What you should do » Give back the full listing verbatim, apart from its images.

Data below »
• • • •

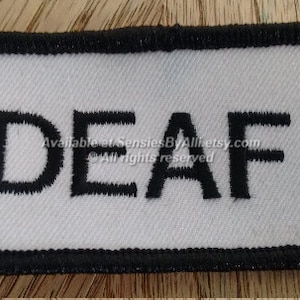 May include: White rectangular patch with black border and the word "DEAF" embroidered in black.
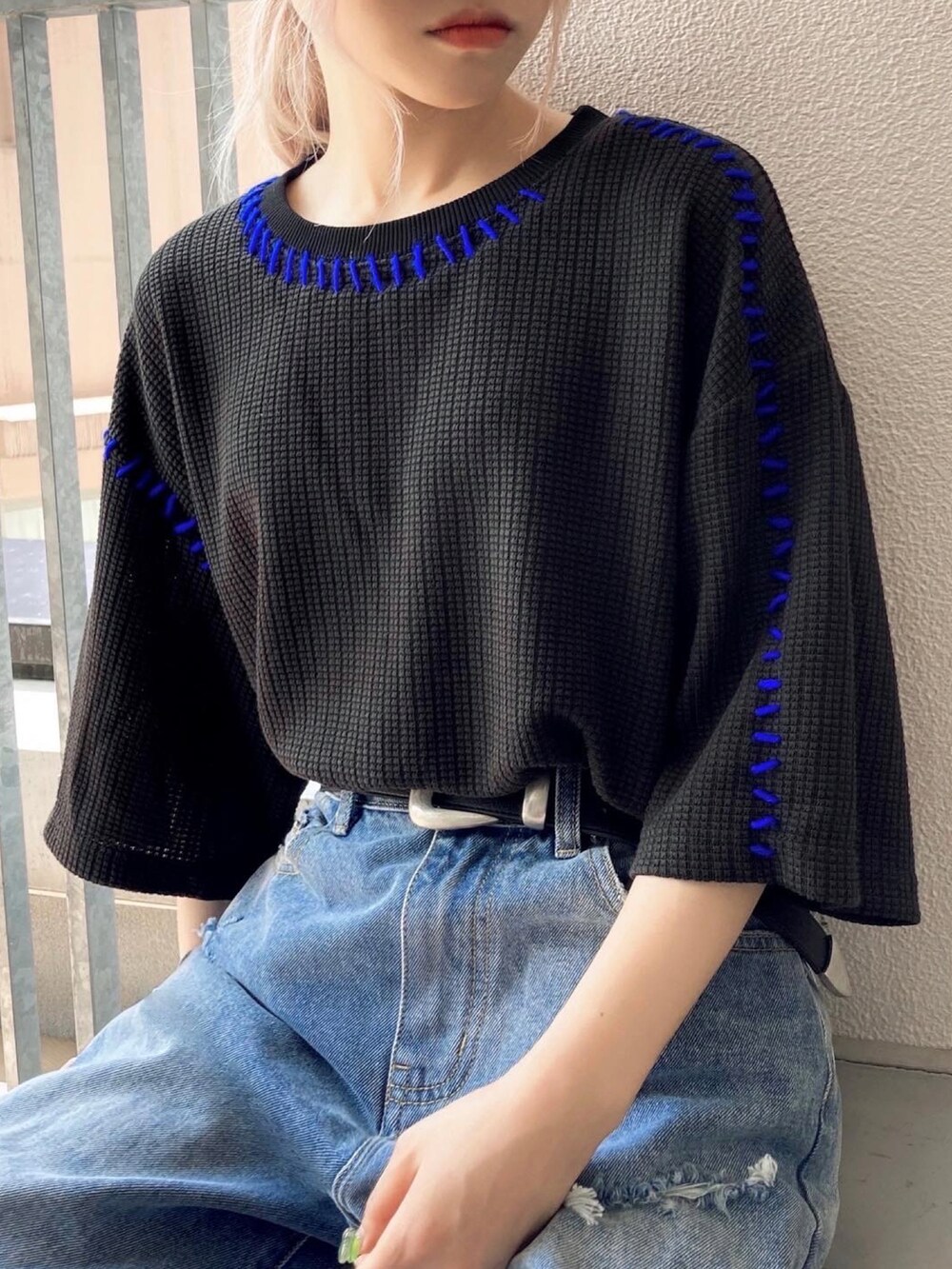 ブラック系のニット/セーター、ブルー系のデニムパンツ、ブラック系のスニーカーを着用したレディースの夏コーディネートの2枚目の写真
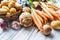 Assortment of fresh vegetables on wooden table. Carrot parsnip garlic celery onion and kohlrabi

• • • •

Response area »
 May include: White rectangular patch with black border and the word "DEAF" embroidered in black.
 ブラック系のニット/セーター、ブルー系のデニムパンツ、ブラック系のスニーカーを着用したレディースの夏コーディネートの2枚目の写真
 Assortment of fresh vegetables on wooden table. Carrot parsnip garlic celery onion and kohlrabi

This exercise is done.